MUSE 780. Special Topics: _____. 1-3 Hours.
Advanced courses on special topics in museum studies, given as need arises. Lectures, discussions of readings, and guest speakers. Topic for semester to be announced. Prerequisite: Graduate standing in Museum Studies Program or permission of instructor. LEC.
MUSE 782. Seminar in Museum Topics: _____. 1-3 Hours.
In-depth examination of specific topics currently of concern to museums and museum professionals. Topic for semester to be announced. Prerequisite: Graduate standing in Museum Studies Program, or permission of instructor. LEC.
MUSE 790. Advanced Study. 1-3 Hours.
Individual research in a specialized topic not ordinarily treated in a Museum Studies core course for which there is a member of the graduate faculty competent and willing to direct a research project. Prerequisite: Consent of instructor. RSH.
MUSE 792. Directed Readings. 1-3 Hours.
Directed reading in an area of Museum Studies in which there is no particular course in the Museum Studies program or in cooperating departments but in which there is a member of the graduate faculty competent and willing to direct a program study. Prerequisite: Consent of instructor. IND.
MUSE 799. Museum Apprenticeship. 1-6 Hours.
Provides directed, practical experience in research, collection, care, and management, public education, and exhibits with emphasis to suit the particular requirements of each student. Graded on a satisfactory/unsatisfactory basis. (Same as AMS 799, ANTH 799, BIOL 799, GEOL 723, and HIST 799.) INT.
MUSE 801. The Nature of Museums. 3 Hours.
The purpose of this course is to provide an overview of the kinds of museums, their various missions, and their characteristics and potentials as research, education, and public service institutions responsible for collections of natural and cultural objects. (Same as AMS 720, BIOL 788, GEOL 782, and HIST 720.) Prerequisite: Museum Studies student, Indigenous Nations Studies student, or consent of instructor. LEC.
MUSE 802. Culture of Museums. 3 Hours.
Culture of Museums is the second of a 2-semester course sequence, and highlights classic texts and current directions in museum studies. It is organized around the core conceptual domains of museums - Materiality, Representation, and Engagement. The course establishes the framework for understanding changes on the horizon for museums, and enables students to be familiar with classic texts in the field. Museums of art, history, natural history, are included, as well as museums large and small. Each week the class will read assigned articles or chapters and will be prepared to discuss and analyze the assignment. In addition, each week there will be several monographs assigned that elaborate and inform the topic. One student will take responsibility for each work and will lead discussion concerning the material. The student will familiarize themselves with the work, and should meet with the instructor before class to structure their presentation. In class, the student will lead discussion and emphasize key elements in the work. SEM.
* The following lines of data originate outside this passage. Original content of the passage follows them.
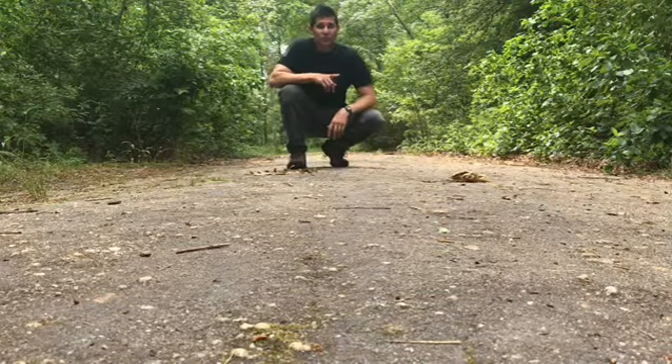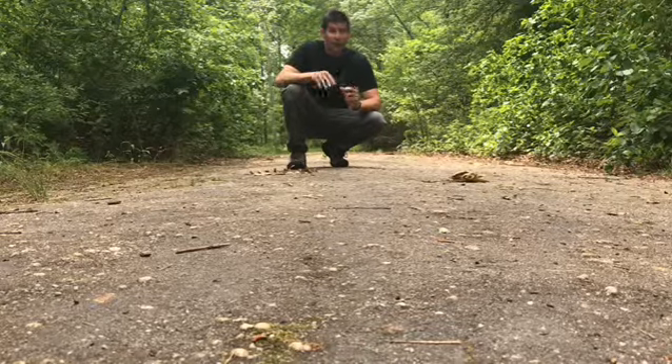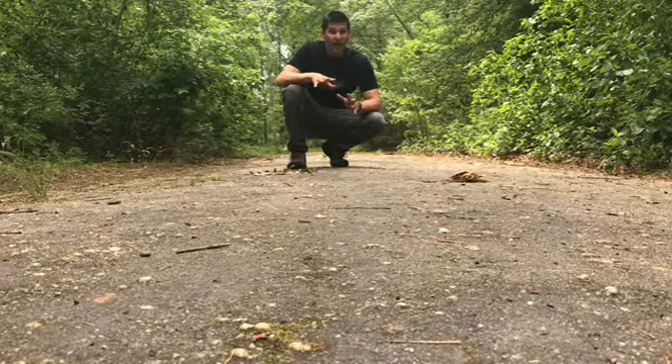This is Rolling Starfish. Good for young or old starfishes — any age. Great for core strength, push-ups, total body workout. Here we go.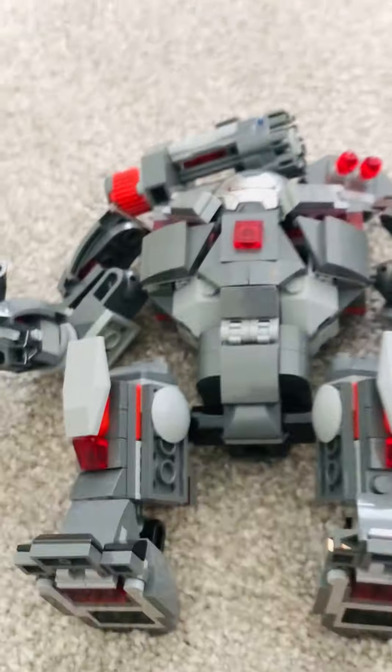Alright, we're moving on to the next category. Three, two, one. Sets. This is the set itself, for the War Machine Hulkbuster.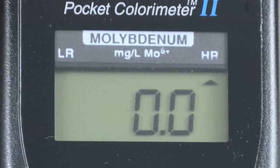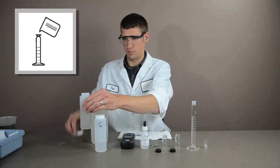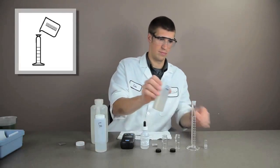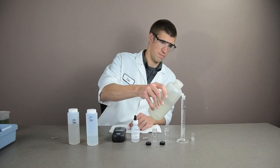To begin the high range test, switch to the high range channel in the menu function. Fill a 25 milliliter mixing graduated cylinder to the 5 milliliter mark with sample. Using DI water, dilute up to the 20 milliliter mark.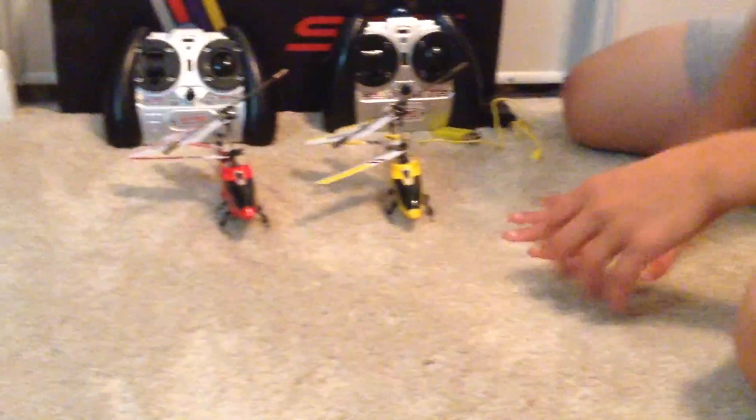This is Boss Bros and we are explaining the difference between a modded S107G and a regular S107G. I'm going to start off by saying what the modded one is — it basically makes it faster.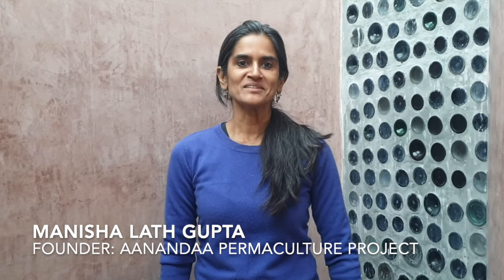Hello, my name is Manisha Latkupta and I run the Ananda Permaculture Project. Today we are here to talk about how to make a wall out of a waste material like empty beer bottles.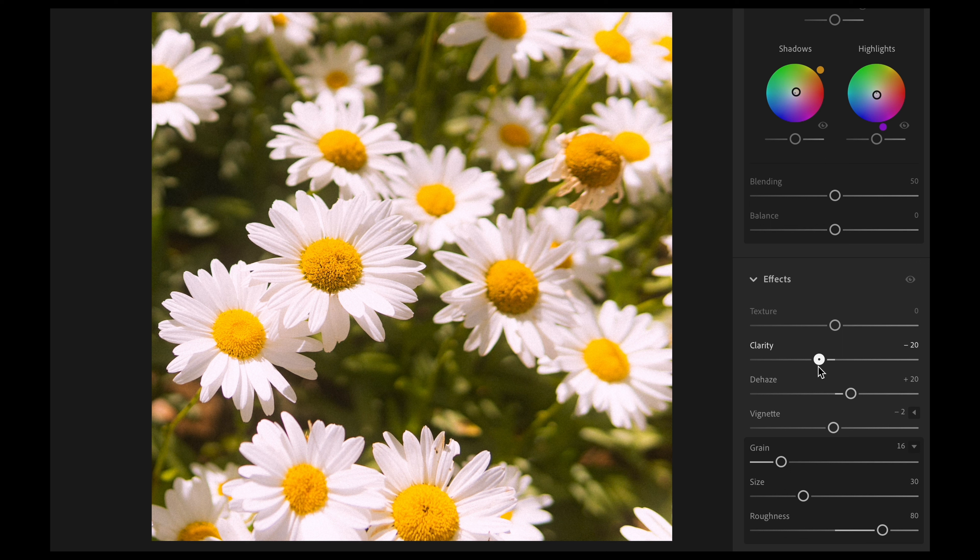I also want to quickly touch on the texture and clarity sliders. If I'm using a diffusion filter I usually don't touch texture, and same with clarity — sometimes I'll bring both down to around minus 5. If you're not using the filter and you want to edit a photo to look filmic today, I would decrease both clarity and texture by at least minus 10.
MUSE 803. Seminar in Current Museum Topics. 3 Hours.
This course has two core objectives - (1) to consider current issues in and around museums that will have a bearing on the field's future, and (2) to be a springboard for museum studies students to formulate and make substantial headway on their required final projects. Therefore, in addition to each week's readings assigned by the instructor, each student will have several opportunities to select the readings for the rest of the class. The student-assigned readings will be relevant to each student's research, and will (1) help students acquire a more nuanced and critical grasp of works that are key to their research by getting feedback from the rest of the class; and (2) build the class's general awareness of important scholarship in the field. SEM.